Papo com o diretor do longa Querência, Helvécio Marins Jr., exibido na mostra Forum no Berlinale

Querência, de Helvécio Marins Jr., exibido na mostra Forum, no festival de Cinema de Berlim, fez no último mês de fevereiro e conversamos com o diretor em Berlim. Com sotaque mineiro não tão aparente, mas com sorriso largo, de antemão, o cineasta soltou que “não tem papas na língua e estava cansado de responder sempre as mesmas perguntas”. A estréia do longa do brasileiro, que mora em Portugal desde novembro do ano passado, aconteceu no IMAX, no Sony Center, na capital alemã. Na estreia ele chegou vestindo uma camiseta com a frase „Lula Livre“. Marins tem um em sua filmografia Girimunho (2011), dirigido em parceria com Clarissa Campolina e os curta-metragens Fernando Que Um Pássaro do Mar (2013), dirigido também por Felipe Bragança e Nem Marcha Nem Chouta (2009). Nosso bate-papo aconteceu no café do Cinemaxx, em Berlim, em um tempo frio, regada à dois cafezinhos, gestos e risadas.


Me conta sobre a estréia de Querência ontem, no IMAX, aqui em Berlim?

Berlim é muito generoso com filmes brasileiros. Esse festival é grande demais. O Brasil não tem esse nível todo para ter onze filmes aqui, não. Eu sou muito crítico. Ainda falta muito para chegar em algum lugar. Eu me mudei para Portugal em novembro. A situação no Brasil está difícil. Ontem eu fui com camiseta com o slogan “Lula Livre”, mas tive que ser breve para não ser chato com o pessoal do festival por causa do tempo. É impossível a gente não fale sobre isso hoje. Para mim, a prisão desse cara não tem nada de mais sórdido e kafkaniano. Eu respeito a opinião de todo mundo, mas, cara… Eu viajava nos anos Lula. Eu lembro quando eu comecei a viajar com meu passaporte verdinho e as pessoas olhavam meio atravessado.


Como você traz a política para os seus filmes?
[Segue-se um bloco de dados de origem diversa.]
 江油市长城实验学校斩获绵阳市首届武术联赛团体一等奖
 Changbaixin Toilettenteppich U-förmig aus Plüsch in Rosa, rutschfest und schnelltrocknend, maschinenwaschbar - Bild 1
Meu cinema tem uma questão política, mas não é uma questão política direta. É muito indireta. Acho que ela está no Querência, mas é bastante visível no Girimunho. Porque eu falo de pessoas que não tem voz. Eu falo de um Brasil que é invisível para os brasileiros. Quando surgiu o Girimunho no Brasil foi graças a um ser iluminado chamado Eduardo Coutinho. Para o Coutinho, o Girimunho não é um filme, é um milagre. Por isso o Walter Salles começou a me produzir. O Coutinho foi contar para ele e para João [Moreira Salles] o que eu estava fazendo. É uma questão para todo artista brasileiro – é difícil pegar e fazer. Eu toco naquelas questões políticas, mas com muita sutileza. O Querência tem um exemplo prático e muito bom. Todos os meus filmes partem de um universo documental. Digamos que 70% é verdade e 30% eu invento. Tem que fazer começo, meio e fim e a estrutura toda.


O peões de rodeios me lembraram muito os rappers que são marginalizados ou esquecidos no cinema. Esses personagens…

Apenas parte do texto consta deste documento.